Vermont amended its corporation and limited liability company statutes in 2008 to eliminate many of the traditional strictures of the business entity, to make incorporation more electronic- and internet-friendly, and to create the animal known as the “virtual corporation.”
In Virtual Incorporation: A Lawyer’s Guide to the Formation of Virtual Corporations (2009 by the American Bar Association), Julie Tower-Pierce, Paul Gillies, and Linsey Krolik review the changes to the law and how Vermont is anticipating and reacting to changes in actual business practices.
The changes to the Vermont statutes eliminate the requirement for a physical corporate address, although a registered agent for service of process is still necessary. Electronic filing of documents, digital signatures, and virtual meetings between and among shareholders are all authorized and encouraged.
However, it seems like much of the “innovation” in the Vermont statutes are already taking place in other states. The authors point out that details of the business formation don’t have to be filed with the state in the form of bylaws, but that the key (and private) organizational document is the operating agreement. That is already the case in New York, with a limited liability company.
The authors note that Vermont now allows one shareholder to hold all the offices in a corporation – again, New York already authorizes a single-member corporation or LLC. And there is also reference to a “hosting company,” which seems to be a physical brick-and-mortar corporation performing all the administrative tasks of the “virtual” corporation.

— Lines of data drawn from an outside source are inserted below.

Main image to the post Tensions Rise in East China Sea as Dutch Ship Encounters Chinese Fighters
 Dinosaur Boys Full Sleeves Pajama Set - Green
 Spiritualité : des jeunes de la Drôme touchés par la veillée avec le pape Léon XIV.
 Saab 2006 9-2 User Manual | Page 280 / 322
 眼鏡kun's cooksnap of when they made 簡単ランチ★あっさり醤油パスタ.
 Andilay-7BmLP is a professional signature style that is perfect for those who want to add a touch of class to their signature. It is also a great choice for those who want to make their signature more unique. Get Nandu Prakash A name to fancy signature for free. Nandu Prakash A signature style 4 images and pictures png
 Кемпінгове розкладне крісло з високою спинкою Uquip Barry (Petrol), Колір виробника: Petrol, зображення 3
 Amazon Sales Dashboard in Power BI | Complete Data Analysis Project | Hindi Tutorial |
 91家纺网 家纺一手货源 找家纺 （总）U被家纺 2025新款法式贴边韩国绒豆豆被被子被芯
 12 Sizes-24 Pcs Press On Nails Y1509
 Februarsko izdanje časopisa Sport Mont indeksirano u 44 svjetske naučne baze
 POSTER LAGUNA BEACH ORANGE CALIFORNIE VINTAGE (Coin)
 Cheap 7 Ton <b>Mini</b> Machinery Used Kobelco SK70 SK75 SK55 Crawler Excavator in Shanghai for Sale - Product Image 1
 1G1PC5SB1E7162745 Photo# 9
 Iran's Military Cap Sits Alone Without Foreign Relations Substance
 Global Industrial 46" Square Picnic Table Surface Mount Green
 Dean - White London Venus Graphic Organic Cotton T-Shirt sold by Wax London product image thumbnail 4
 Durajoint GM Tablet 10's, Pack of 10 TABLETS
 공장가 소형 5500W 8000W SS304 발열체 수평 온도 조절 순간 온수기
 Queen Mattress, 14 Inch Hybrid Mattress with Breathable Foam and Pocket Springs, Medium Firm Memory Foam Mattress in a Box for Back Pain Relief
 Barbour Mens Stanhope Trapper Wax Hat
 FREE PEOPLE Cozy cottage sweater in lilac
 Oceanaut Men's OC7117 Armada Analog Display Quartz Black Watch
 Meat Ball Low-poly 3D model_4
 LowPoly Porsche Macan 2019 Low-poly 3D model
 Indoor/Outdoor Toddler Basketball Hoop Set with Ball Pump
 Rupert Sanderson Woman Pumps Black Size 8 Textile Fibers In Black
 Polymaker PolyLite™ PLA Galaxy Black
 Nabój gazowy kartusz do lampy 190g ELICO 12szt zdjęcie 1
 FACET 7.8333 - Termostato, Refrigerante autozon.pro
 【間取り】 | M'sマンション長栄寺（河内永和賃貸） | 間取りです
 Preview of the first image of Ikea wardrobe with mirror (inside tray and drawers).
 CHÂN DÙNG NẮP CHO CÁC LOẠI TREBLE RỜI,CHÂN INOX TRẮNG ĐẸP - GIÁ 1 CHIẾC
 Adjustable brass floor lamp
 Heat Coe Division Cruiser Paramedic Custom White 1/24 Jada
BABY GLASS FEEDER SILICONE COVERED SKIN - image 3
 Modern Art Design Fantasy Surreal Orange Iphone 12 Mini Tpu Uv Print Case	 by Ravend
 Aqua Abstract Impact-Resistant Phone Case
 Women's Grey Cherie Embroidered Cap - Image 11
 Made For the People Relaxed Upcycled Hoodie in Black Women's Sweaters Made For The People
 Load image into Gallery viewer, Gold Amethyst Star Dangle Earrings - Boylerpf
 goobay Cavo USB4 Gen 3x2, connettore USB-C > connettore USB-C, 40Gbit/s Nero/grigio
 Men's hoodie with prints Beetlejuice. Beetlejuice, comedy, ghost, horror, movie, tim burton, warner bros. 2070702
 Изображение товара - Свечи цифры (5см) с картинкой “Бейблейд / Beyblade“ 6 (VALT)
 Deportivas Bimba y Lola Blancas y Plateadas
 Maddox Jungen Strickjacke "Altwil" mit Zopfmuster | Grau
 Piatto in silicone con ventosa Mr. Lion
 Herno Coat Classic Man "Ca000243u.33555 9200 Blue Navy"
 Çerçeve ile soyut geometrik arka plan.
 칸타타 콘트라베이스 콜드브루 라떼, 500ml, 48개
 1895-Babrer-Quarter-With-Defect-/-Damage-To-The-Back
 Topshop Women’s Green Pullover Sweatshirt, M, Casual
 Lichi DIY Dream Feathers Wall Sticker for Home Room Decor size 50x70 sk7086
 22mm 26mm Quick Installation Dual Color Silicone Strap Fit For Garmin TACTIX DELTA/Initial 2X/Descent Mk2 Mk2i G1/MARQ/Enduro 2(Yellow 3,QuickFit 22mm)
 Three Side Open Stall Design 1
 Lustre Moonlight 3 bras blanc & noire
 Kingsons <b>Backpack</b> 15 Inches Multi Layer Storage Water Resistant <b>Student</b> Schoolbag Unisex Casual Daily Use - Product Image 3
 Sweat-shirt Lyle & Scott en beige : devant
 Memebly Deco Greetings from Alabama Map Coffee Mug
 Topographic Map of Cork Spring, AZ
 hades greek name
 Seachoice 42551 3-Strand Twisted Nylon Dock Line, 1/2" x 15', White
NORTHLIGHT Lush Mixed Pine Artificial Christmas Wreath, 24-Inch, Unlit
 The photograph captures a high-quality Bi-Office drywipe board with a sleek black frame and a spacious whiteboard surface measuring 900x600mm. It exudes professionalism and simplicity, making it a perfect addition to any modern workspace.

Touted as new and innovative is the theory that the organizational ownership, management, and compensation can be based on intellectual capital contributed by the shareholders or members, not just dollars and cents. I fail to see how this is particularly revolutionary – many of my clients have organizational structures where one shareholder contributes dollars and the other contributes technical skills, and they have not been limited by New York’s statutory requirement.
There are also references to forming legal entities in SecondLife (a virtual world) and “opening a bank account on behalf of a World of Warcraft guild” (a role-playing computer game) (pg. 42). I am still not sure whether the authors are serious about that bank account.
For all of the novel breakthroughs Vermont’s new law supposedly represents, there are problems inherent with the virtual company as well. There is the ever-present problem of data security – and when there is no requirement for paper copies of any documents, when everything is in electronic form, what happens in case of a loss or a breach? There are considerations of data policies, standards, and guidelines, as well as ethics and privacy on the internet, although these are things that all companies need to take into consideration, not just the virtual ones.
As an example of the virtual company as the wave of the future, the authors cite the writing of this book: apparently they never met in person during the project, but used e-mail, teleconferencing, and Twitter to keep in touch and update the book. However, the book itself is copyrighted by the American Bar Association, which, although it may have used outsourcing and technology extremely well, is still a very real, brick-and-mortar corporation.